Mile-long diesel sheen spreads near disabled tugboat in Alaska’s Prince William Sound
By Mary Pemberton, APSaturday, December 26, 2009
Mile-long sheen spreads near disabled tugboat
ANCHORAGE, Alaska — Salvage crews were working to transfer thousands of gallons of diesel fuel from a stricken tugboat that crashed against the same Alaskan reef that damaged the Exxon Valdez 20 years ago.
Efforts to remove the 33,500 gallons of fuel were slowed Friday when a mile-long diesel sheen spread across Prince William Sound.
Overflights found that the fuel had escaped a containment boom and was not the result of a new leak in the fuel tanks, so transfer work resumed later Friday, according to Jim Butler, a spokesman for the boat’s owner, Crowley Maritime Services.
The work was expected to be completed Saturday.
Once the fuel from the Pathfinder is transferred to another vessel, the salvage team will have a good idea of how much diesel fuel spilled into the sound.
The 136-foot tug Pathfinder had just finished checking for dangerous ice and was heading back to port in Valdez when it hit Bligh Reef at 6:15 p.m. Wednesday, spilling diesel fuel from two damaged tanks.
The boat is part of the Ship Escort Response Vessel System that was created after the Exxon Valdez ran aground in 1989 and spilled nearly 11 million gallons of crude oil — the worst ever U.S. spill.
The accident drew a rebuke from U.S. Sen.
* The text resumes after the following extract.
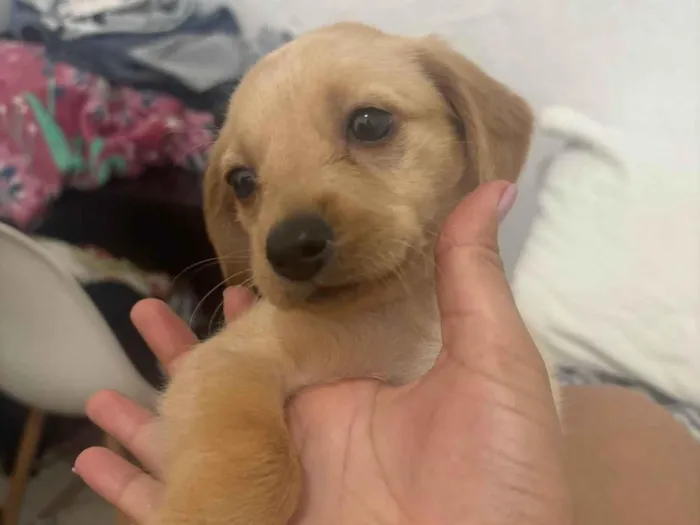 Cachorro ra a SRD-ViraLata idade 2 a 6 meses nome Sem nome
Mark Begich of Alaska, who called it troubling that a spill response vessel “managed to run aground on one of the most well-marked and well-known reefs in the Northern Hemisphere.”
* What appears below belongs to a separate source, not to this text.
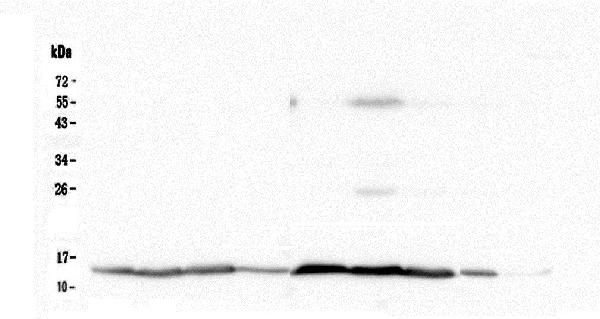 Western blot analysis of Cytochrome C using anti-Cytochrome C antibody (M03529-5). Electrophoresis was performed on a 12% SDS-PAGE gel at 70V (Stacking gel) / 90V (Resolving gel) for 2-3 hours. The sample well of each lane was loaded with 50ug of sample under reducing conditions. Lane 1: rat brain tissue lysate, Lane 2: rat heart tissue lysate, Lane 3: rat kidney tissue lysate, Lane 4: rat testis tissue lysate, Lane 5: mouse brain tissue lysate, Lane 6: mouse heart tissue lysate, Lane 7: mouse kidney tissue lysate, Lane 8: mouse testis tissue lysate, Lane 9: mouse Neuro-2a whole cell lysate. After Electrophoresis, proteins were transferred to a Nitrocellulose membrane at 150mA for 50-90 minutes. Blocked the membrane with 5% Non-fat Milk/ TBS for 1.5 hour at RT. The membrane was incubated with rabbit anti-Cytochrome C antigen affinity purified polyclonal antibody (Catalog # M03529-5) at 0.5 μg/mL overnight at 4°C, then washed with TBS-0.1%Tween 3 times with 5 minutes each and probed with a goat anti-rabbit IgG-HRP secondary antibody at a dilution of 1:10000 for 1.5 hour at RT. The signal is developed using an Enhanced Chemiluminescent detection (ECL) kit (Catalog # EK1002) with Tanon 5200 system.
The Coast Guard said that a dive team inspecting tug found damage to the hull and a 4-to-5 foot section of keel missing.
The SERVS system provides two escort tugboats for each tanker traveling through the sound after leaving the Valdez Marine Terminal with North Slope crude delivered through the trans-Alaska pipeline.
Officials said that diesel fuel will evaporate in time.